Kassim Murungi

Personal information
- Nationality: Ugandan
- Weight: Featherweight (57 kg)

Boxing career

= Kasim Murungi =

Ugandan featherweight boxer

Kassim Murungi is a Ugandan featherweight boxer who competes in the Uganda Boxing Champions League (UBCL). He fights out of the Eastcoast Boxing Club and is noted for his rivalry with Derrick Mubiru and for winning the Elite 57 kg belt at the 2023 UBCL season finale.

== Career ==
Murungi rose to prominence through his appearances in the Uganda Boxing Champions League.
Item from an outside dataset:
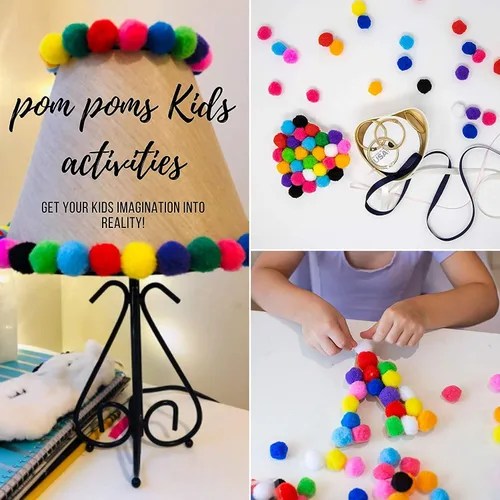 Vista 6 de WAU - 50 pompones de 2 pulgadas para manualidades, manualidades, proyectos de bricolaje, en bolsa reutilizable con cremallera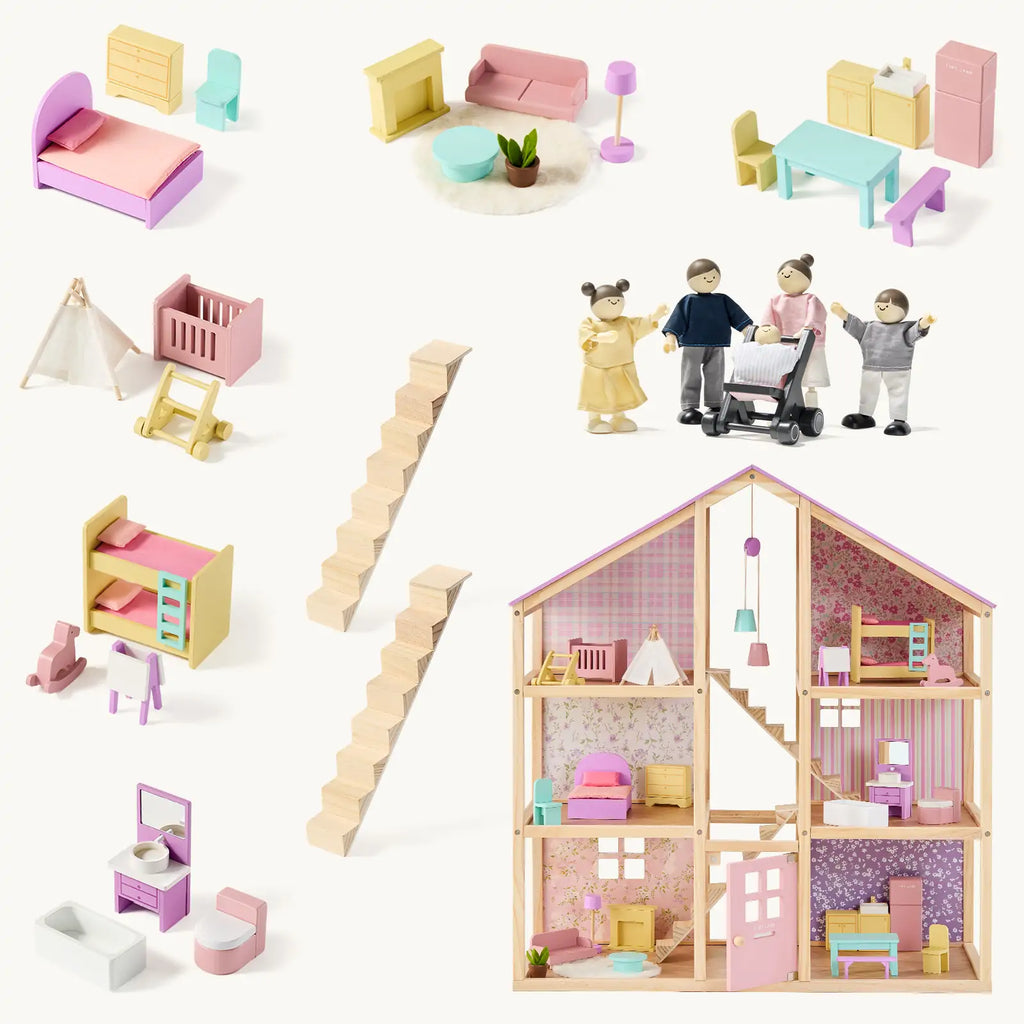 Tiny Land® Casa de muñecas de unicornio Sweetwood y muñecas de madera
In September 2023, he fought Derrick Mubiru in a highly publicised UBCL featherweight matchup (Elite 57 kg), securing a narrow split decision.

Later that month, Murungi won a rematch against Mubiru by unanimous decision, consolidating his position as one of Uganda’s top featherweights.

In December 2023, Murungi won the Elite 57 kg belt at the UBCL Season II finale, defeating Jonathan Kyobe via a 4–1 split decision.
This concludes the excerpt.